Choose a palette and stick to it just enough
A colour scheme does not have to be rigid, but it helps enormously. When it comes to red, for example, it has to be the right red — an oriental poppy in tropical red clashed horribly in my hot border, while a self-seeded dark plum poppy was magnificent.
I narrow my plant list by colour first, then by flowering time, then by growing conditions. That usually reduces an overwhelming shortlist to something manageable.
Mix structure plants, fillers and long-season workhorses
A border needs different types of plants doing different jobs:
- Structure plants — roses, grasses like stipa gigantea, shrubs. These give the border its shape even when they are not flowering.
- Workhorses — geraniums, geums, nepeta, penstemon. Plants that flower for months and do not need constant attention.
- Seasonal stars — peonies, alliums, dahlias. Spectacular but short-lived. They carry the border for a few weeks each.
- Fillers — annuals like cosmos, cornflowers, snapdragons. Fast, cheap, and perfect for plugging gaps while perennials establish.
Accept the need to move things around
No border is right on the first attempt. Plants end up in the wrong place, grow bigger than expected, or simply do not perform. I have moved things around more times than I can remember, and doing it sooner rather than later is always better.
The gladioli in my hot border looked wrong from the start — they did not blend in and made everything in front of them flop over. Sometimes you just have to admit a plant is not working and take it out.
What I learnt from borders that worked and borders that did not
- Year one will not look finished. Perennials need time. Fill the gaps with annuals and dahlias.
- August is the hardest month to keep interesting. Dahlias, crocosmia and Japanese anemones are essential.
- Too many plants that flower at the same time creates a peak followed by nothing.
- Mulching matters more than I thought — it protects roots in winter and keeps moisture in summer.
- Grasses add movement and structure that flowers alone cannot.
- I need perennials that just get on with it. If a plant cannot survive winter without special protection, it is probably not worth the effort in my garden.

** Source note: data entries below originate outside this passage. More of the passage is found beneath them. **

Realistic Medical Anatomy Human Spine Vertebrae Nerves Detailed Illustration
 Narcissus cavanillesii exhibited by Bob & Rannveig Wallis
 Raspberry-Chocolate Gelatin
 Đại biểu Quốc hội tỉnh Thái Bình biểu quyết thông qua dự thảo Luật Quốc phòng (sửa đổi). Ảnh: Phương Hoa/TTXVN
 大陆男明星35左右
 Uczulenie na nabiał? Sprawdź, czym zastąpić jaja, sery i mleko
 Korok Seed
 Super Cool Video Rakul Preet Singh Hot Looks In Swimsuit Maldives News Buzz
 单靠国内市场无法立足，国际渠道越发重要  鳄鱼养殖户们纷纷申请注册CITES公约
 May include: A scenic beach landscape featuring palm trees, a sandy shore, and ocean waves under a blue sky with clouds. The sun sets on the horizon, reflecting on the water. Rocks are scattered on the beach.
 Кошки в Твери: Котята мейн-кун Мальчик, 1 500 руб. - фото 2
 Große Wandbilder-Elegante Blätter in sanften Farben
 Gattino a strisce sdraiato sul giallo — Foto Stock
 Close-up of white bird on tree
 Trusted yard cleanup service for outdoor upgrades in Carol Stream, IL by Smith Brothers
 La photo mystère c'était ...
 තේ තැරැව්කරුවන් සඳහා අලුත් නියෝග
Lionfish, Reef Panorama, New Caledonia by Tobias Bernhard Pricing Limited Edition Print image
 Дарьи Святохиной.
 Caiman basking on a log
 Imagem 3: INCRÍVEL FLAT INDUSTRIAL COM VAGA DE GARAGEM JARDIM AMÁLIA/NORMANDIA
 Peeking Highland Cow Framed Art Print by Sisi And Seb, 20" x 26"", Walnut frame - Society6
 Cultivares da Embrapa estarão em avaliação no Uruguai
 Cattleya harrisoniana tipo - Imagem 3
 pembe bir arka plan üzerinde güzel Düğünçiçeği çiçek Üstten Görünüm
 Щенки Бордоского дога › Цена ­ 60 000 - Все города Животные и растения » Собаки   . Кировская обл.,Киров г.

If I were starting again from nothing
If I had a bare border and needed to fill it from scratch, here is what I would do:
Starting from nothing
Spring bulbs first: tulips, daffodils, alliums. Instant colour while everything else establishes.
One flowering shrub: a camellia, rhododendron, lilac or small cherry tree for structure.
Two or three repeat-flowering roses.
At least one peony — buy at flowering maturity, not bare root.
Fast-growing perennials: geum Totally Tangerine, nepeta, salvia caradonna, geranium Rozanne, achillea, verbena bonariensis, Japanese anemones, hydrangeas.
Grasses: stipa tenuissima and stipa gigantea for movement.
Dahlias for late summer.
Annuals: cosmos, cornflowers, ammi, snapdragons — to bulk it all out while the perennials grow.
The best border I have ever made took three years. Year one was annuals and hope. By year three, it felt like the garden I had always wanted.